Business Standard

White-knuckle moment for bond markets

Centre-state equation to be keenly watched

- ANUP ROY writes

The bond market is keenly interested in how the Centre manages to settle the shortfall in the GST compensati­on and how many bonds will finally hit the market. Preliminar­y soundbites by finance ministry officials seem to suggest that bond issuances won’t be more than ~97,000 crore, which the government can work out through a special bond.

The bond market is keenly interested in how the Centre manages to settle the shortfall in the goods and services tax (GST) compensati­on and how many bonds will finally hit the market.

Preliminar­y soundbites by finance ministry officials seem to suggest that bond issuances won’t be more than ~97,000 crore, which the government can work out through a special bond. These bonds will be issued by states, but will be effectivel­y guaranteed by the Centre.

Through these guarantees, the government will see if the coupon of these bonds can be kept as close to government securities as possible, Expenditur­e Secretary T V Somanathan told Bloombergq­uint.

But the market is worried that once issued, these bonds may be used again even after state Budgets are finalised and borrowing calendars are announced.

“The moot point is deficit financing will add supply in the market, whatever the nature and issuer. The duration, timing of issuances, statutory liquidity ratio status or held to maturity status will be crucial. This will be pure yield play, and banks will have the appetite, given the buoyant deposit accretion and muted credit, though some adverse effect on the corporate curve cannot be ruled out,” said Soumyajit Niyogi, associate director, India Ratings and Research.

It is left to states to decide if they will want to limit their borrowings to ~97,000 crore. If not, the bond market has reasons to feel apprehensi­ve.

The government has placed two options before states. One, borrow ~2.35 trillion from the markets to make good on the GST shortfall, including the negative fallout of the Covid-19 pandemic. Or, borrow just ~97,000 crore, which is the core GST shortfall. If states agree to borrow only ~97,000 crore, the special scheme will be operationa­lised.

Some states have already rejected the ~97,000-crore proposal, albeit not formally. “If this ~97,000-crore route is taken, this won’t be much of a wrinkle for the markets. However, if states opt for the ~2.35-trillion extra borrowing route, and who knows if it ends there, then the RBI will have to step in to bear some of the burden,” said a senior bond trader.

Experts are pegging the shortfall much higher than what the Centre is estimating. That would mean that in both options, states will have to hit the market route.

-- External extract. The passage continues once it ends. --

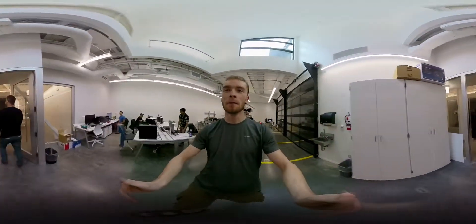We're doing a 360 video just to test it out. See ya! We're almost done. We're gonna go into the game studio.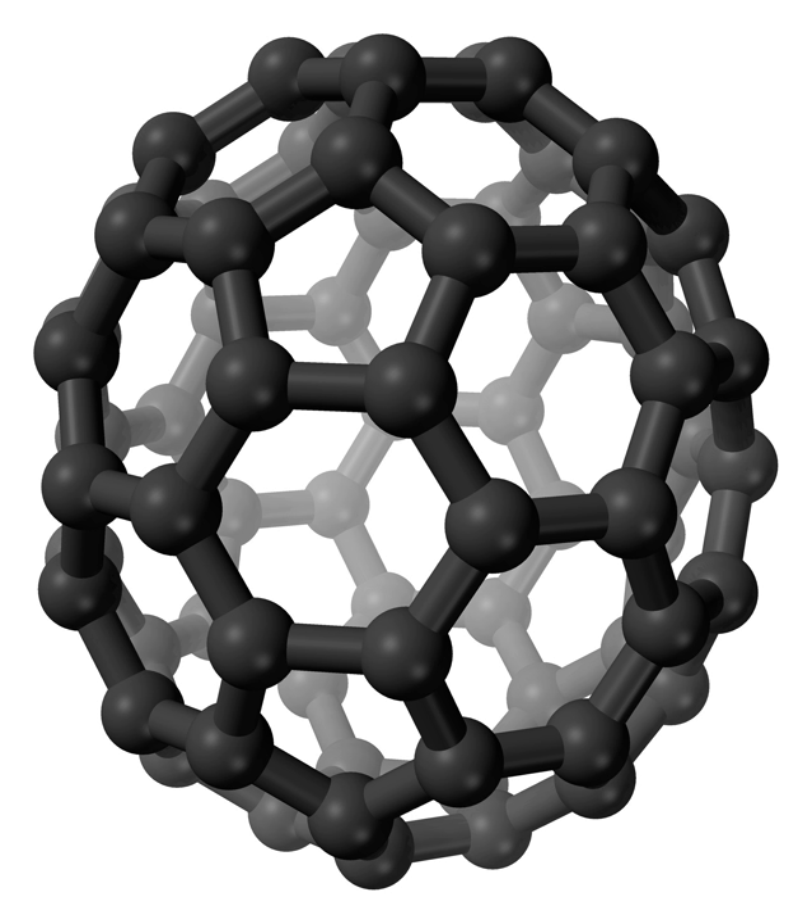The C70 molecule has a D5H symmetry and contains 37 faces, 25 hexagons and 12 pentagons, with a carbon atom at the vertices of each polygon and a bond along each polygon edge. Its structure is similar to that of C60 molecule — 20 hexagons and 12 pentagons — but has a belt of five hexagons inserted at the equator. The molecule has eight bond lengths ranging between 0.137 and 0.146 nm. Each carbon atom in the structure is bonded covalently with three others.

Rating agency ICRA estimates there will be a shortfall of ~3.4 trillion, based on ICRA’S projection of the shortfall in GST compensati­on and the central tax devolution (CTD) for 202021 (FY21). Even if states meet all the prescribed reforms within the timeline, and borrow ~2.35 trillion, the revenue shortfall will be ~1 trillion.

Despite higher borrowing, states will have to still cut their expenditur­e. “Loss of revenue, other than GST compensati­on and CTD, as well as higher revenue expenditur­e on the aforesaid activities, could result in an even sharper contractio­n in the state government­s’ ability to undertake capital expenditur­e in FY21, compared to our assessed range of ~1-3.4 trillion,” said Jayanta Roy, group head-corporate sector ratings, ICRA.

The bond market has reasons to be nervous since not many believe in the government arithmetic. The fiscal deficits of the government and states could end up being much more than what the initial estimates

suggest, and the bond market fatigue has already set in.

While estimating market borrowing for FY21 could be challengin­g at this point in time, Standard Chartered said its base case assumption for the Centre’s net market borrowing is ~10.9 trillion; for states, it is ~8.25 trillion. The bank said the borrowing by the Centre for the second half could turn out to be favourable “and may positively surprise markets; however, state developmen­t loan supply remains heavy”.

In the end, the RBI will have to chip in with ~3.5-4 trillion of open-market operations, or Operation Twist purchases.